Thursday, 25 May 2017

A Twenty-First Century Way of Living in the Element of Time?

In the past people unquestioningly accepted their place in the space/time continuum and the contingencies and unpredictabilities which attend that condition. Their mental health rested on an assumption of not knowing what time would throw in their path and an ability to adapt to it. Today we expect that, though we live in the present, we should have perfect control over the future. Perhaps this derives from a scientific/mathematical model which suggests all can be predicted and, if it isn’t, someone is to blame. We need to subscribe to the belief that, if not us, of course, somebody, at least, has everything under perfect and God-like control.
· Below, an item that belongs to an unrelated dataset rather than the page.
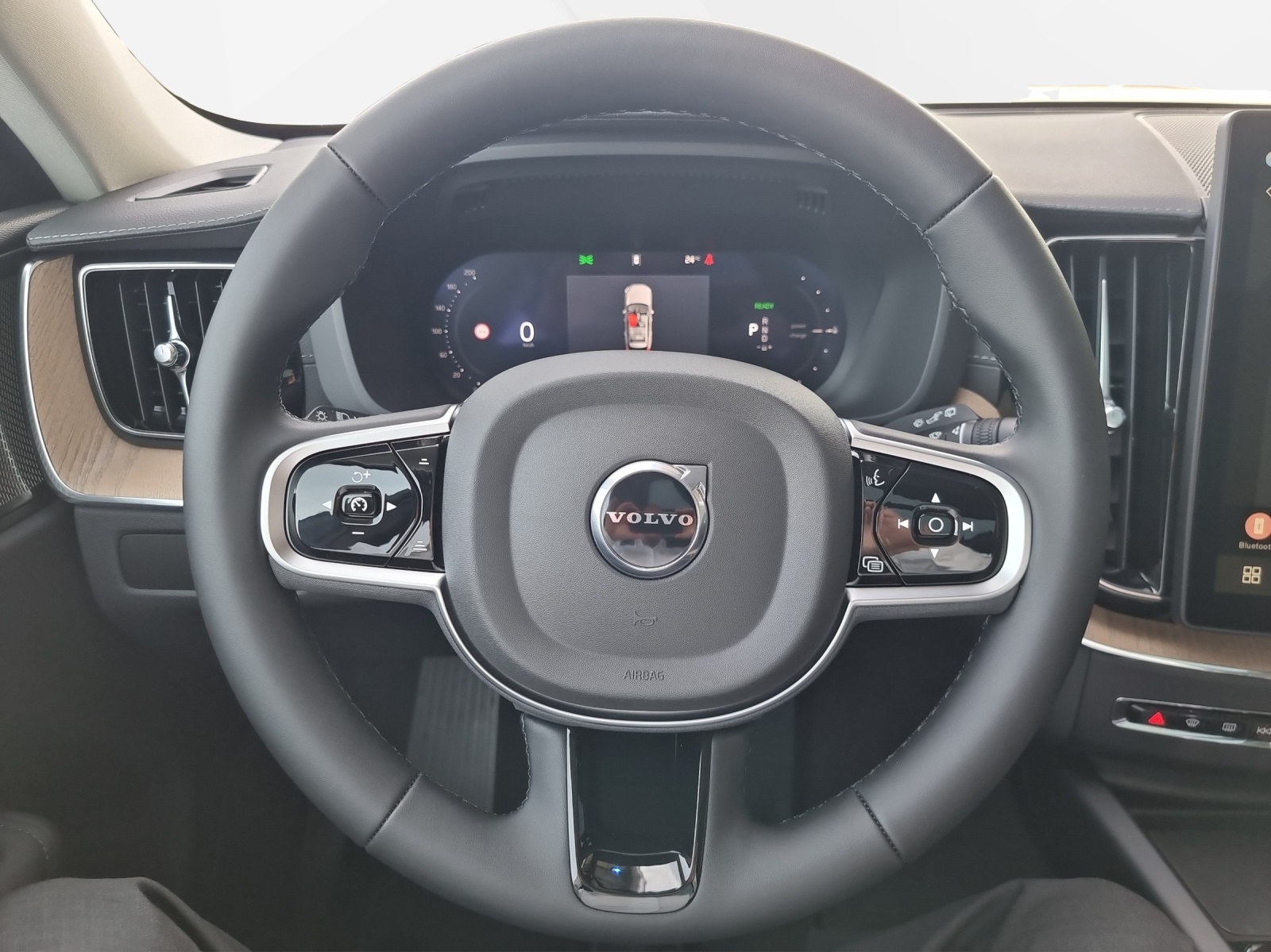 VOLVO XC60 2.0 T6 TE Ultra Dark eAWD-image-11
Sooner or later, following the Manchester bombing, it was inevitable that the question would be asked – “Did the Intelligence Services fail to stop the bomber?” No answer was given on the news but a point is always made of asking the question and leaving it hanging in the knowledge that this alone is sufficient to do the job in people’s minds. They begin to cast round or, at least, to leave the door open to it, for the finding of scapegoats. It goes unsaid that stopping fourteen out of fifteen potential suicide bombers is not enough.

And then there is the insistence, as if reminding us, and as if we need reminding, that we move in an advancing direction through time. Every day the term “going forward" is used as if to assert that we are progressing confidently and purposefully. In spite of this the term always sounds as though the speaker protests too much. One can't help thinking that those who use it actually lack the very confidence they try so hard to advertise as an existential reality bears down on them which, in truth, they find terrifying.

The first symptom of the modern malaise is, then, a neurotic demand for the illusion of perfect control guaranteed and underwritten by science. Reality must be taped down and, if events demonstrate it not to be, angry cries for legal redress ensue for the legal world is closely tied into the scientific one in order to complete the illusion of our rights to never being upset by reality. The second symptom is the sense of hesitantly feeling our way forward, quavering as if blind-folded while desperately radiating a sense of purposefulness. These are societal traits which, if exhibited in an individual, would suggest a subject suffering from severe anxiety having recently issued from a nervous breakdown. Can one imagine Sir Francis Drake behaving in this way as the unknown quantity of the Armada hove onto the horizon? Different times.